- ¿Cómo están desarrollando ustedes la estrategia de esta vacuna?
“Lo que hacemos nosotros es producir virus que contengan la misma forma del virus inicial, pero que no contenga material genético. Por lo tanto, son altamente seguras, ya que no son capaces de producir una infección, porque es el material genético el que ayuda a que exista una progenie del virus”.
- Originalmente, ¿cómo lograron la fabricación de este producto?
“Nosotros obtuvimos varios aislados con brotes del virus ISA provenientes del sur de nuestro país, y lo que hicimos fue caracterizarlos, a través de técnicas de cultivo celular; conjunto de técnicas que permiten el mantenimiento de las células 'in vitro', manteniendo al máximo sus propiedades fisiológicas, bioquímicas y genéticas. La identificación de los anticuerpos, por lo general, se realiza en la sangre, mediante un análisis de RT-PCR".
- ¿En qué consiste el RT-PCR?
“Es una variante de PCR donde primero se realiza una transcripción reversa, a partir de ARN, para sintetizar el ADN complementario, que luego es amplificado mediante PCR convencional, para posteriormente secuenciarlo”.
- ¿Es importante secuenciarlo?
“El virus tiene muchos aislados diferentes y ellos se pueden comportar de diversas maneras ante una respuesta. Entonces, es sumamente importante saber con qué aislado estamos trabajando; que en este caso son los chilenos”.
- Respecto a lo anterior, ¿qué resultados obtuvieron tras realizar este estudio?
“Primero, el virus ISA tiene dos proteínas externas que están a la vista y que es lo primero que el sistema inmune detecta, y éstas son las que varían. En otras palabras, estas variaciones se producen para que el sistema inmune no los reconozca. En resumen, al tener las variaciones de estas dos proteínas, nosotros pudimos desarrollar la vacuna”.

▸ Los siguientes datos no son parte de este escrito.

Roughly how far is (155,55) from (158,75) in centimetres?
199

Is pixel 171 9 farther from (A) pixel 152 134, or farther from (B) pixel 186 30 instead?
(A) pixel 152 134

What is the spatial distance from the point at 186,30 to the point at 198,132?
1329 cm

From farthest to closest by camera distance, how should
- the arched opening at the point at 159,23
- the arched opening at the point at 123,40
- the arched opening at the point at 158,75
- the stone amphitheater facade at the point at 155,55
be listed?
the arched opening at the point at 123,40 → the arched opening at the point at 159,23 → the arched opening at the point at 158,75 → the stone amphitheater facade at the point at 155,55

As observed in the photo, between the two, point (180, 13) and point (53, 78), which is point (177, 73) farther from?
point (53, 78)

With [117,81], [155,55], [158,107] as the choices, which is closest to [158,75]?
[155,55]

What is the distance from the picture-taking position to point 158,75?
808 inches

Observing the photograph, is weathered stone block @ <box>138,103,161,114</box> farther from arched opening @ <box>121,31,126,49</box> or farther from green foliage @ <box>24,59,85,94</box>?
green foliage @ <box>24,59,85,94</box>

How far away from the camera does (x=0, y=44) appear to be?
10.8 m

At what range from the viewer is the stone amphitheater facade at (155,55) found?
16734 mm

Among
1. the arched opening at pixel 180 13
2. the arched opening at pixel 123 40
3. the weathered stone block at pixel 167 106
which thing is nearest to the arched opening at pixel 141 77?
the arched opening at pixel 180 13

- ¿Podemos señalar que estas variaciones son diferentes en el mundo?
“Efectivamente, por ejemplo, tanto el brote que hubo en Noruega como el de Estados Unidos no son el mismo virus que el chileno. Por lo tanto, no podemos atacarlos con vacunas producidas en Noruega porque, simplemente, no van a dar resultados positivos”.

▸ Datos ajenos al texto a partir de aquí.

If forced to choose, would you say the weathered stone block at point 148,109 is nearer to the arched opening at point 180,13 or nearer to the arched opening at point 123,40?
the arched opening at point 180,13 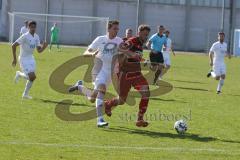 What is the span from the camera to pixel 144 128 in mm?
13648

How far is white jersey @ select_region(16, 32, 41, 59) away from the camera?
18281mm

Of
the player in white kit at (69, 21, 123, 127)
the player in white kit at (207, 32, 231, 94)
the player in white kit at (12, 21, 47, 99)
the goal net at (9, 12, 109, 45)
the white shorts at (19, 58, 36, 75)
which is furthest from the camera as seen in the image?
the goal net at (9, 12, 109, 45)

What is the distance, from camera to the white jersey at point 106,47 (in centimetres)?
1391

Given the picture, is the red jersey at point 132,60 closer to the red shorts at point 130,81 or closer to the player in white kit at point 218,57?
the red shorts at point 130,81

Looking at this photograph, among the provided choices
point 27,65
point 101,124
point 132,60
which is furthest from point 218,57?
point 101,124

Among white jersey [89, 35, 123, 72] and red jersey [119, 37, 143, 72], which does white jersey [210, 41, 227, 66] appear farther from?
red jersey [119, 37, 143, 72]

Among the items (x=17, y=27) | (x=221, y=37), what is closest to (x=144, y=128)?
(x=221, y=37)

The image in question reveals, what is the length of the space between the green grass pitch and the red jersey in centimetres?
121

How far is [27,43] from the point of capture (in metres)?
18.4

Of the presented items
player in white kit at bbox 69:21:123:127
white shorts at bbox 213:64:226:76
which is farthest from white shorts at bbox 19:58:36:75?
white shorts at bbox 213:64:226:76

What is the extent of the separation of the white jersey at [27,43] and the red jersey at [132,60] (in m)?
5.24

- ¿Y por qué se producen estas diferencias?
“De manera simple, comparémoslo con el virus de la influenza que es de la misma familia que el ISA. Como sabemos, el virus de la influenza va cambiando en el tiempo, entonces la gente que lo estudia tiene que investigar qué virus nuevo aparece, y de acuerdo a ese resultado, se crea una nueva vacuna. En ese sentido, no podemos usar el mismo antídoto que se utilizaba hace 10 años atrás, porque no serviría. Por eso, es importante el seguimiento que nosotros hacemos, tras colocarle la vacuna del ISA al salmón”.